Top of Material supplied

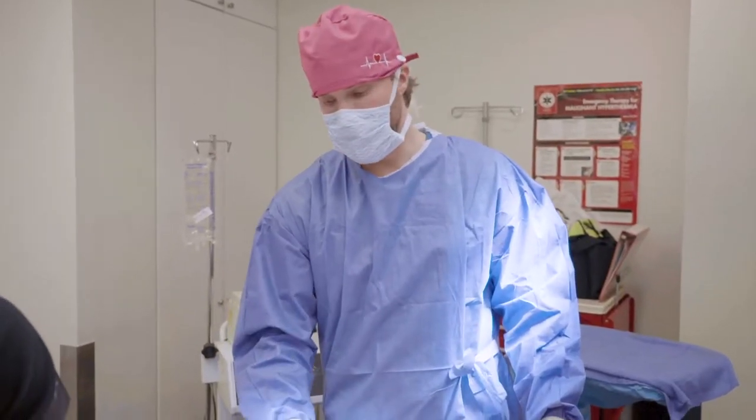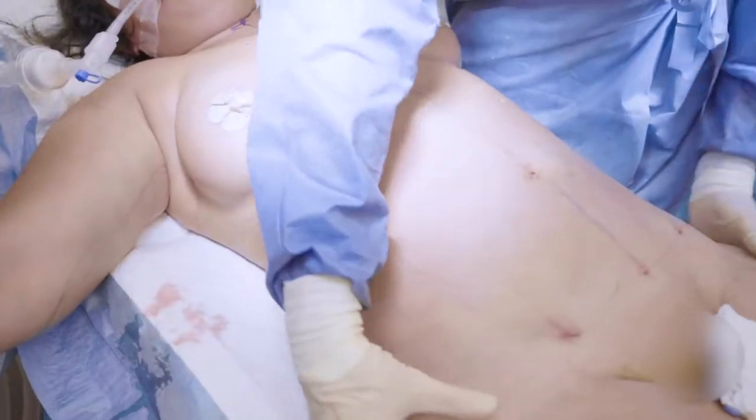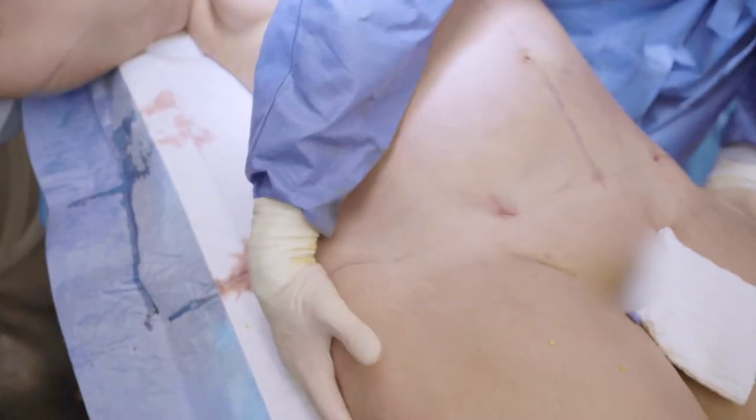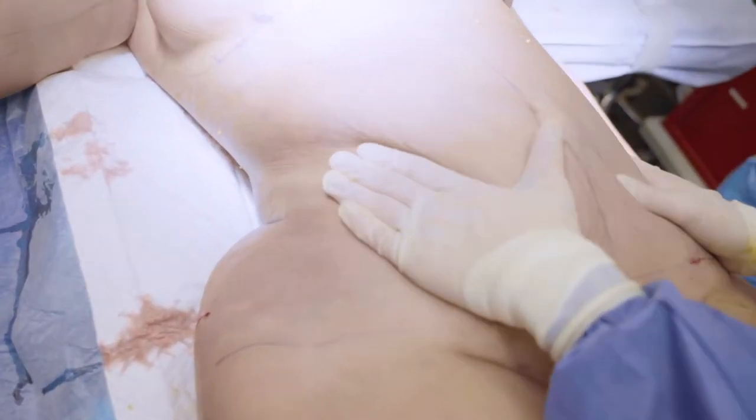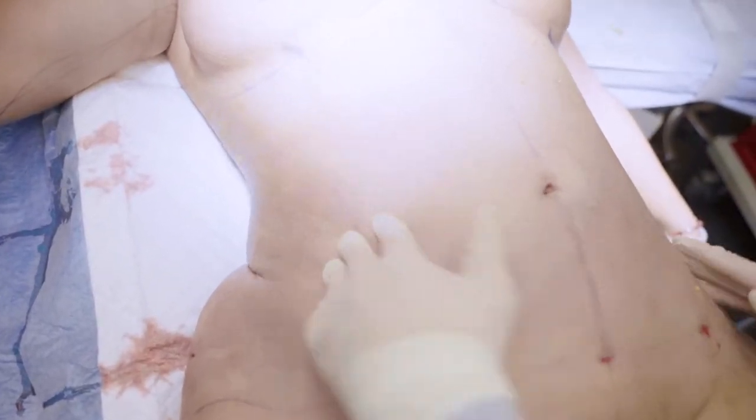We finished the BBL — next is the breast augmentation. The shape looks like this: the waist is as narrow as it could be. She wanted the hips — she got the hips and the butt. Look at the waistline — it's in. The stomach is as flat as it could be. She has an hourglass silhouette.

Bottom of Material supplied
Top of Material supplied

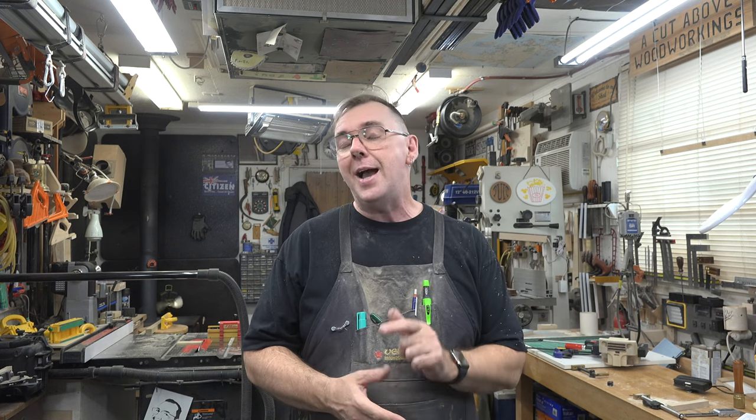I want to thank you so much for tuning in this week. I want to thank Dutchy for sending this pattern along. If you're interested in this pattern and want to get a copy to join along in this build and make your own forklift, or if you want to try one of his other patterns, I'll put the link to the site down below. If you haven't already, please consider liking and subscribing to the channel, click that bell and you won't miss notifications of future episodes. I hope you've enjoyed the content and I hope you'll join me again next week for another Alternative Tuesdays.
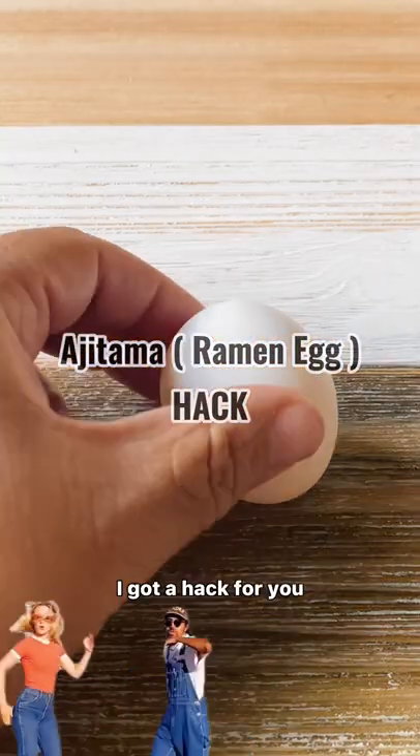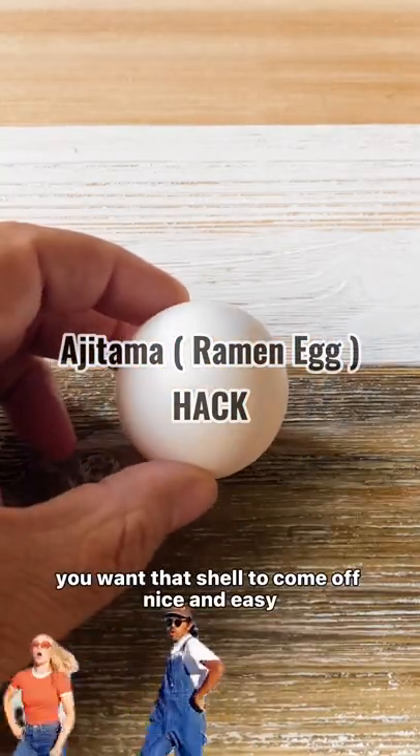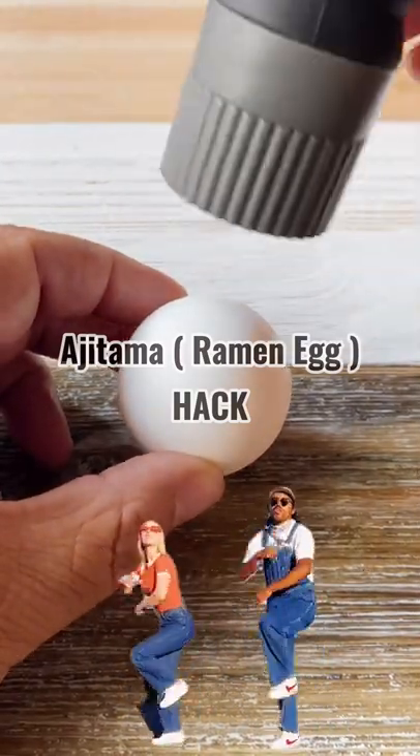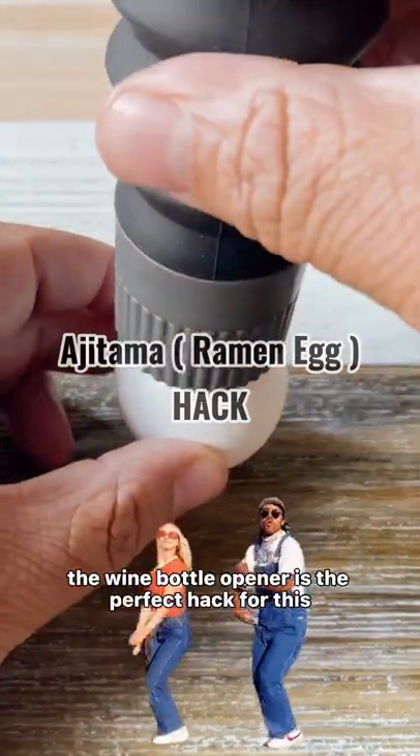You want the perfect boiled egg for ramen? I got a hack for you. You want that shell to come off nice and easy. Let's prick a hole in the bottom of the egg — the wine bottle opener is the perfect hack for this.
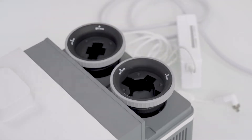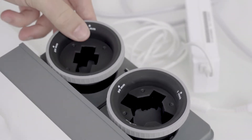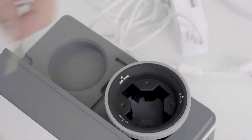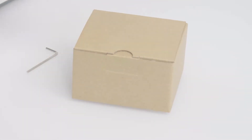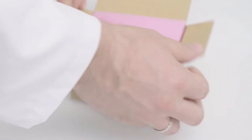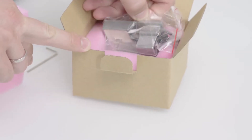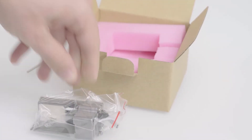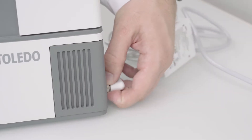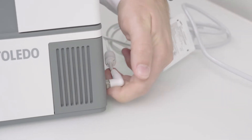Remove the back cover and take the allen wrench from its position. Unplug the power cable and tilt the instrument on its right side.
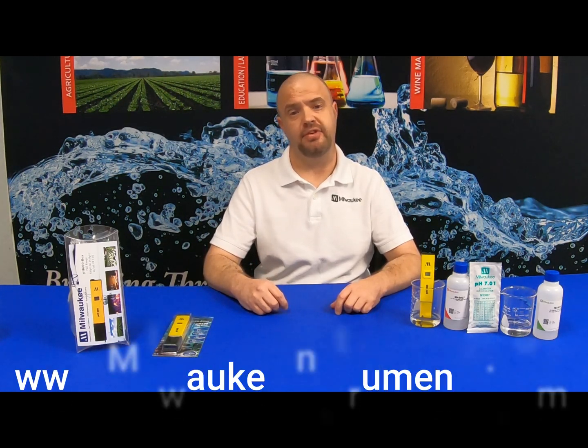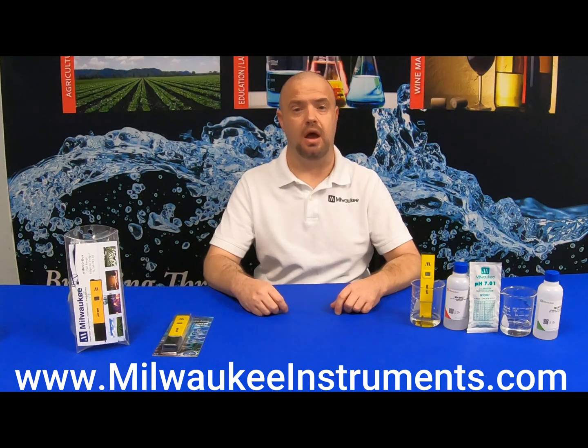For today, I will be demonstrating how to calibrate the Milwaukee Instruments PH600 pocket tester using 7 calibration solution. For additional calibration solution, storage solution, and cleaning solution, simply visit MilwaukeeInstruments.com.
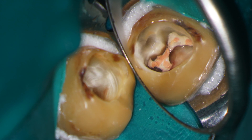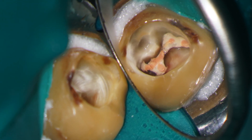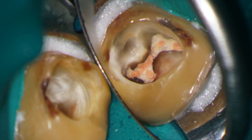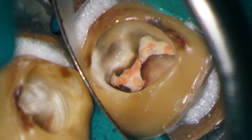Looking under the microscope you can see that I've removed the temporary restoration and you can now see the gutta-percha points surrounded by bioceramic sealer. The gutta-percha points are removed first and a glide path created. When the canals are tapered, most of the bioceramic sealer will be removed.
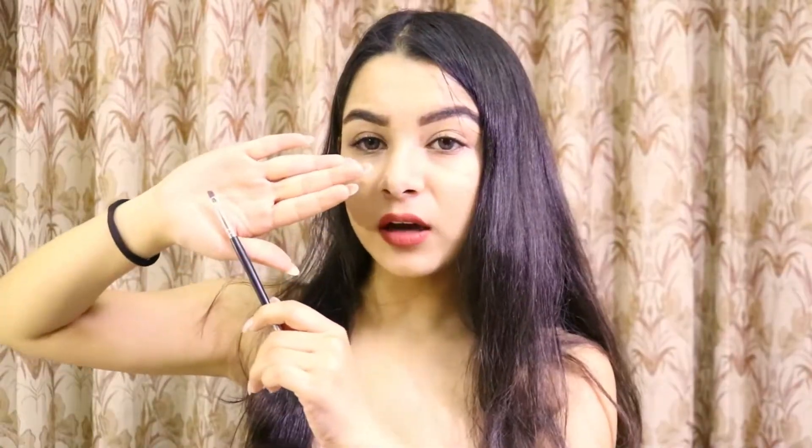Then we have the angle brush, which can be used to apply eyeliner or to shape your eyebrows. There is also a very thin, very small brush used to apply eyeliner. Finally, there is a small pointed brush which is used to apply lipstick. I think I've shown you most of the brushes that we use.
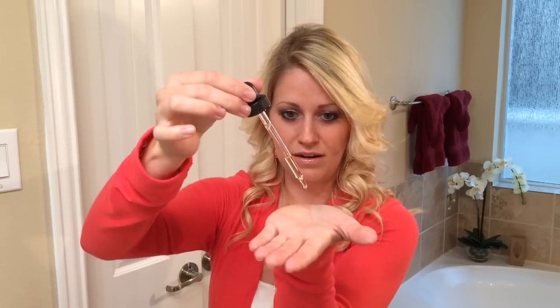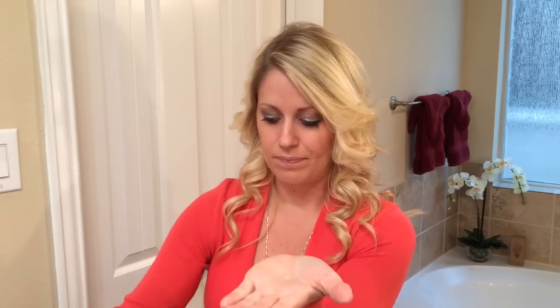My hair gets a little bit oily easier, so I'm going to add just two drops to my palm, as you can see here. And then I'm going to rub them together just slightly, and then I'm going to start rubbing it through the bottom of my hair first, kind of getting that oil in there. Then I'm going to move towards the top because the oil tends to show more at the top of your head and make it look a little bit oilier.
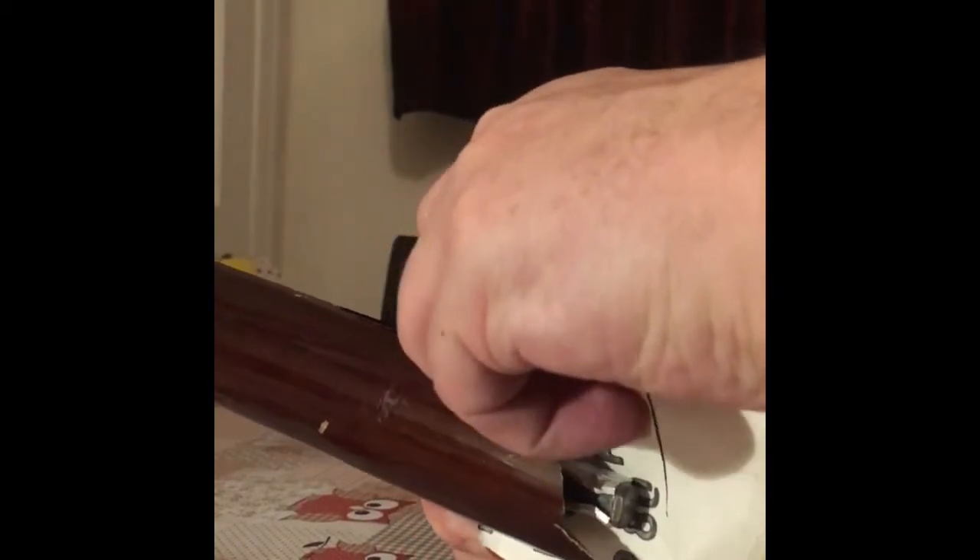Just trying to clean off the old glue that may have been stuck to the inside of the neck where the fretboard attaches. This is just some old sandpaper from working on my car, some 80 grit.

Bottom of Material supplied

Taking the material above, give again exactly the lines from the one holding "Looking under the" through the one holding "Just trying to", with both ends and without pictures.

Exercise solution:
Looking under the microscope you can see that I've removed the temporary restoration and you can now see the gutta-percha points surrounded by bioceramic sealer. The gutta-percha points are removed first and a glide path created. When the canals are tapered, most of the bioceramic sealer will be removed.
Then we have the angle brush, which can be used to apply eyeliner or to shape your eyebrows. There is also a very thin, very small brush used to apply eyeliner. Finally, there is a small pointed brush which is used to apply lipstick. I think I've shown you most of the brushes that we use.
My hair gets a little bit oily easier, so I'm going to add just two drops to my palm, as you can see here. And then I'm going to rub them together just slightly, and then I'm going to start rubbing it through the bottom of my hair first, kind of getting that oil in there. Then I'm going to move towards the top because the oil tends to show more at the top of your head and make it look a little bit oilier.
Just trying to clean off the old glue that may have been stuck to the inside of the neck where the fretboard attaches. This is just some old sandpaper from working on my car, some 80 grit.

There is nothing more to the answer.